Le développement qu’ont pris et auquel sont appelés les chemins de fer semble devoir jeter un discrédit sur la navigation intérieure. C’est une concurrence menaçante. La rapidité des transports de la voie ferrée est un appât auquel pour le moment tout le monde se laisse entraîner. Si ce mouvement continue, les canaux seront sans doute momentanément désertés.
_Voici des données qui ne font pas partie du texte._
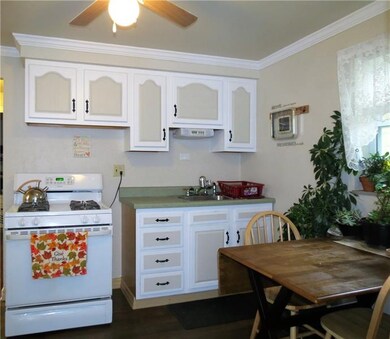 FULLY EQUIPPED EAT IN KITCHEN FEATURES A GAS STOVE, REFRIGERATOR AND CEILING FAN.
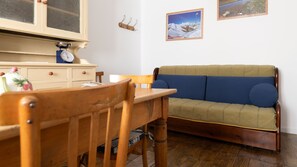 Una habitación acogedora con una mesa de comedor de madera, un sofá azul y un armario de madera con una balanza.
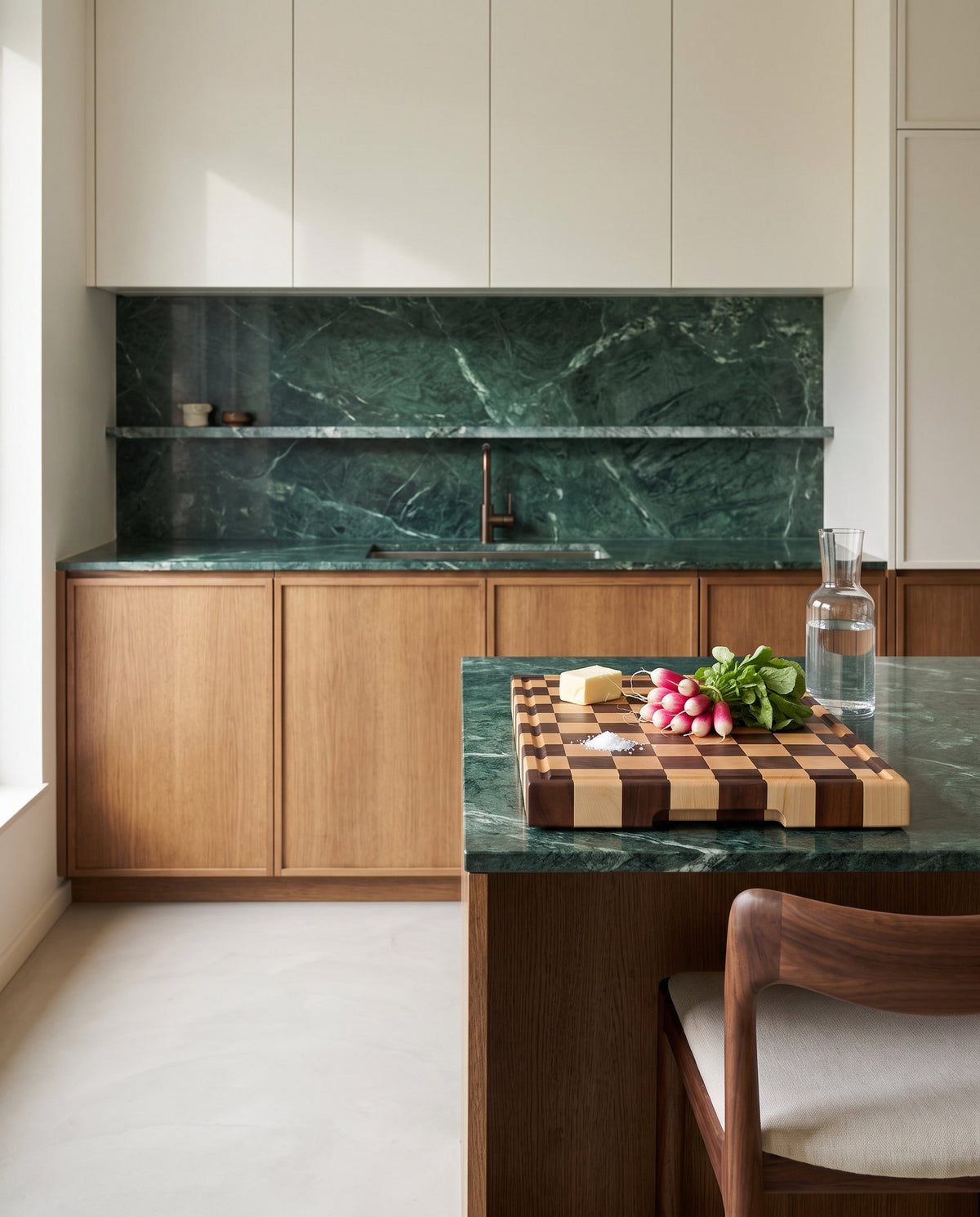 Tagliere end-grain in noce e acero con ravanelli e burro su isola in marmo verde in una cucina di design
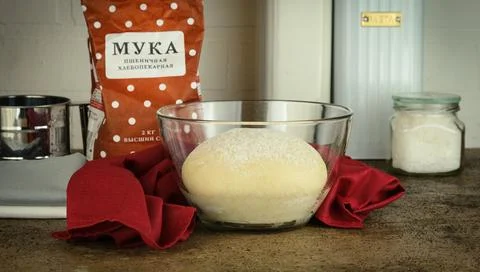 Making yeast dough for baking bread, ingredients and kitchen utensils in the Stock Photos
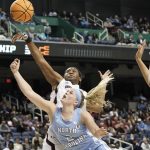 
              South Carolina forward Aliyah Boston, top left, blocks North Carolina guard Carlie Littlefield (2) during the first half of a college basketball game in the Sweet 16 round of the NCAA tournament in in Greensboro, N.C., Friday, March 25, 2022. (AP Photo/Gerry Broome)
            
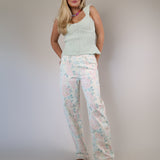 Floral wide leg denim jeans in peach beige by Steve Madden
Toutefois, le poids énorme que la batellerie peut transporter avec peu de matériel paraît devoir lui conserver longtemps sur les chemins de fer l’avantage du bon marché. La vitesse extrême des expéditions n’est pas un élément de valeur pour tous les produits. On amène aujourd’hui à Paris, en huit ou dix heures, de vingt à trente lieues et plus, des pierres, des solives, des fers, qui obstruent des semaines entières les gares des chemins de fer, et restent ensuite six mois, un an, avant d’être employés. Le bénéfice de la célérité n’est point en ce cas une compensation à la cherté du transport. Les houilles, les bois, les grains, les métaux, les matériaux de construction, matières encombrantes et fort lourdes, continueront de choisir, pensons-nous, les voies navigables.

Les progrès d’économie et les perfectionnements dont la traction des chemins de fer est susceptible sont applicables à la navigation. Aussi doit-il y avoir place pour la batellerie à côté des railsways. La concurrence entre ces deux espèces d’entreprises importe au plus haut point au commerce, déjà menacé d’un exhaussement de tarif par la coalition et la fusion des grandes compagnies de chemins de fer.

Les canaux furent creusés par l’État. Seulement il fallut, pour subvenir aux dépenses, recourir au crédit privé.

À cet effet, les lois des 5 août 1821 et 14 août 1822 sanctionnèrent les traités passés par le ministre avec cinq Compagnies, et par lesquels le gouvernement empruntait une somme de 126,100,000 fr. Ces emprunts ne furent point contractés dans la forme ordinaire de ceux dont nous avons parlé au chapitre de la Dette publique.